Note: If the incoming AC requires a
reconfiguration, see Chapter 2,
System Description, for information
on the AC input.
This completes the unpacking and
installation procedures for the 420A.
Refer to the system setup and operation
procedures which follow before applying
power to the transmitter.
100 Watt High Band VHF Transmitter Chapter 3, Installation and Setup Procedures
420A, Rev. 0 3-7
3.4 Setup and Operation Procedures
Initially, the transmitter should be turned
on with the RF output at the bandpass
filter asssembly terminated into a
dummy load with a rating of at least 100
watts. If a load is not available, check
that the output is connected to the
antenna.
Connect the baseband video or the
(optional) 4.5 MHz composite input to J2
on the rear of the tray.
Note: J2 is a loop-through connected
to J1. It can be used as a baseband
video source if the jumper W1 on J3
of the sync tip clamp\modulator
board is removed.
Connect the baseband audio, if it is
balanced audio, to the terminal block
(TB1) or connect the composite audio
(stereo) to the BNC jack (J13).
Note: J13 is a loop-through
connected to J3. It can be used as a
composite audio source if the jumper
W4 on J12 of the aural IF
synthesizer board is removed.
Note: To operate using the baseband
video input with the (optional) 4.5
MHz composite input kit, the
baseband select must be present at
J18-6 and 7 on the rear of the tray.
To operate using the 4.5 MHz
composite input, the baseband select
must be removed from J18-6 and 7
on the rear of the tray.
Switch on the AC circuit breaker CB1 on
the rear of the tray.

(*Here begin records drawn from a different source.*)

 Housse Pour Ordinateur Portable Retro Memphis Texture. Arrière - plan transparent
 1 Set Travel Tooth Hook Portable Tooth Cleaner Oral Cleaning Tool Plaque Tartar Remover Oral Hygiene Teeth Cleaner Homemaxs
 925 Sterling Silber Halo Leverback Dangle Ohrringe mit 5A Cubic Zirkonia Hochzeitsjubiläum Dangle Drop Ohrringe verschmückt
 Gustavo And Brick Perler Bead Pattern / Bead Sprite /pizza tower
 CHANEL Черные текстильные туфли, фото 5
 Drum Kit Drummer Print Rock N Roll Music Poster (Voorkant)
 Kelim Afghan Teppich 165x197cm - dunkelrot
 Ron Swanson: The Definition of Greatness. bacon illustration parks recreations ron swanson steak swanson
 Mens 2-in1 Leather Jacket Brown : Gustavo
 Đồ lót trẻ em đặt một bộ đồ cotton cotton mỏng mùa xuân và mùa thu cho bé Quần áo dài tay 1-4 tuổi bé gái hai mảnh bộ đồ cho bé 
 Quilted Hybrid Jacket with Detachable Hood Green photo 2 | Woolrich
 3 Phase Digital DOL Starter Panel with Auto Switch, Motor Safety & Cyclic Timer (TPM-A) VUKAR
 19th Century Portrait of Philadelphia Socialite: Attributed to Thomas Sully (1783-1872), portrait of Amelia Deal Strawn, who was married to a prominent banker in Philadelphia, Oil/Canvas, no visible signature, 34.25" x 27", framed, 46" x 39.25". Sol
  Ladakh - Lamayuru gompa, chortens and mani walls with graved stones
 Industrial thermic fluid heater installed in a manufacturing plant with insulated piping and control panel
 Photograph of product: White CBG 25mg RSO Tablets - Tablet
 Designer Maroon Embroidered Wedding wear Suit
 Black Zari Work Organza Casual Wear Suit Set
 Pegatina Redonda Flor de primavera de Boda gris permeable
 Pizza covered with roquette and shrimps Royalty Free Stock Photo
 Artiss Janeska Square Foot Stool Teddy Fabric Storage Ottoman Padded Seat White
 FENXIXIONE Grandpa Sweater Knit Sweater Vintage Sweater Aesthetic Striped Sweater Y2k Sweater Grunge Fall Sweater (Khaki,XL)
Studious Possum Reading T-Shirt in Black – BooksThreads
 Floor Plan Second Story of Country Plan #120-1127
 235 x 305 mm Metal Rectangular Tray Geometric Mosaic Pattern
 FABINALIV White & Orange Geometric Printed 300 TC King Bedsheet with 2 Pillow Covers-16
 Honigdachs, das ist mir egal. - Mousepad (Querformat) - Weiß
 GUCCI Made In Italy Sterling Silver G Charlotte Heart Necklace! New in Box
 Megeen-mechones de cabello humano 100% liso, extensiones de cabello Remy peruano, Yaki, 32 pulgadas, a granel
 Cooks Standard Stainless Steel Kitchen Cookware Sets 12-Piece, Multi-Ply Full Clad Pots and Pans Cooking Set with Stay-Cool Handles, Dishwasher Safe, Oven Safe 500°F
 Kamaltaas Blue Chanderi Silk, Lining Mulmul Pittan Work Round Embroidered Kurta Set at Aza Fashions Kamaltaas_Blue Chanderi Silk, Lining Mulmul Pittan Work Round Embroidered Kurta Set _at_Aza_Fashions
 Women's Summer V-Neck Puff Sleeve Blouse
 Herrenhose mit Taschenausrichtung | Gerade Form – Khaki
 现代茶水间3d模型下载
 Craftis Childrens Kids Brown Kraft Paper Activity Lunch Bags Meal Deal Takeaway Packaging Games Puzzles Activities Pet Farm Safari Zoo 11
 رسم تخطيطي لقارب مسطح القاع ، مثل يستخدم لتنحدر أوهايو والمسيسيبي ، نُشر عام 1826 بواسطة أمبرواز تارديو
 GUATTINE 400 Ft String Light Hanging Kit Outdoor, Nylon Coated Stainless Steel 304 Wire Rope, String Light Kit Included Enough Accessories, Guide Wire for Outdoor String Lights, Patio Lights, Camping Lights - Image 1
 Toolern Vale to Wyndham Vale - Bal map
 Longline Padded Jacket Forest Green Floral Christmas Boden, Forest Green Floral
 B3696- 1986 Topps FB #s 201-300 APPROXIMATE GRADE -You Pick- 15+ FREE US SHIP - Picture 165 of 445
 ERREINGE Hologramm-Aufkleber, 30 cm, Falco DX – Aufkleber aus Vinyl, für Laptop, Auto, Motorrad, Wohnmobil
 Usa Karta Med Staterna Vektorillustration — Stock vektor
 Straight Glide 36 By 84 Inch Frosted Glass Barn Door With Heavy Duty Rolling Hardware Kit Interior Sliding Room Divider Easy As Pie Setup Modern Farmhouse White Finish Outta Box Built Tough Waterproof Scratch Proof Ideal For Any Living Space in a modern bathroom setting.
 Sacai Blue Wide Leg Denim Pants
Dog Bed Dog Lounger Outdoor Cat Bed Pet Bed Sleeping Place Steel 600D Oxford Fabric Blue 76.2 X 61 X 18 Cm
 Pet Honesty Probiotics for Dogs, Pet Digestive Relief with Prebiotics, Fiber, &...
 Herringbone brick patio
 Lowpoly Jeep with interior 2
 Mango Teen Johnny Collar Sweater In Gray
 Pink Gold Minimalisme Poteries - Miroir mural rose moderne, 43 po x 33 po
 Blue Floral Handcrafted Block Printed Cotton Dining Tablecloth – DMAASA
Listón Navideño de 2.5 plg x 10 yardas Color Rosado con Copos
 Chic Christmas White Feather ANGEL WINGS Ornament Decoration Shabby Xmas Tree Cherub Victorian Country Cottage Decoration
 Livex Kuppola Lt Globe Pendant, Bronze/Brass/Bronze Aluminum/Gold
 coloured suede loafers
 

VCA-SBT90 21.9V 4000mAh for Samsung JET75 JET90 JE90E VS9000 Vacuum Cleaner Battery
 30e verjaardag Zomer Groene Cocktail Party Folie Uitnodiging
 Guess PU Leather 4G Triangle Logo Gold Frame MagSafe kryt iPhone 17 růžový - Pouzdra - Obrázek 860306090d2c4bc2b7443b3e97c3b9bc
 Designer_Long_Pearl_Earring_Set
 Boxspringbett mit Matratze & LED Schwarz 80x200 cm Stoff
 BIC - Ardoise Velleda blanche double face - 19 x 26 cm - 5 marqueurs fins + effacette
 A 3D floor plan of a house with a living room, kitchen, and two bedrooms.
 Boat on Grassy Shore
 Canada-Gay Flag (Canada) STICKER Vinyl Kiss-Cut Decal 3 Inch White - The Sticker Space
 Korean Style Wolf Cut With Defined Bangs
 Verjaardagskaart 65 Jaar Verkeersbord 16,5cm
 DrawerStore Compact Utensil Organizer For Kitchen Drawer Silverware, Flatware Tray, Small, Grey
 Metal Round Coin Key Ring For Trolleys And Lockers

Switch the
Operate/Standby switch to Standby and
the Auto/Manual switch to Manual.
Normal operation of the transmitter is in
Automatic and the video input to the
transmitter is used as an
Operate/Standby switch. In Auto, if the
input video is lost, the transmitter will
automatically revert to Standby. When
the video signal is restored, the
transmitter will automatically return to
Operate.
Move the Operate/Standby switch,
located on the front of the tray, to
Operate.
Note: If the transmitter does not
switch to Operate when the
Operate/Standby switch is switched
to Operate, check that the external
interlock plug, with a jumper from
pins 23 to 24, system interlock, is
connected to jack (J11) on the rear
of the tray.
Observe the % Visual Power reading on
the front panel meter; it should read
100%. If needed, set the power adjust
pot located on the front panel. As you are
checking the power level, also check the
meter reading in the % Reflected Power
position. If the % Reflected Power is very
high, above 20%, a problem with the
output coaxial line is present and needs
to be checked. Return the
Operate/Standby switch to Standby.
If a dummy load is connected to the
transmitter, switch off the on/off AC
circuit breaker on the rear of the 100-
watt tray. Remove the dummy load and
make all connections needed to connect
the transmitter to the antenna. Switch
the AC circuit breaker on and the
Operate/Standby switch to Operate.
Adjust the output power front panel
adjustment to attain 100% output.
Return the Operate/Standby switch to
Standby.
This completes the setup and operation
procedures for the 420A transmitter.
If a problem occurred during the setup
and operation procedures, refer to
Chapter 4, Detailed Alignment
Procedures, of this manual for more
information concerning specific trays.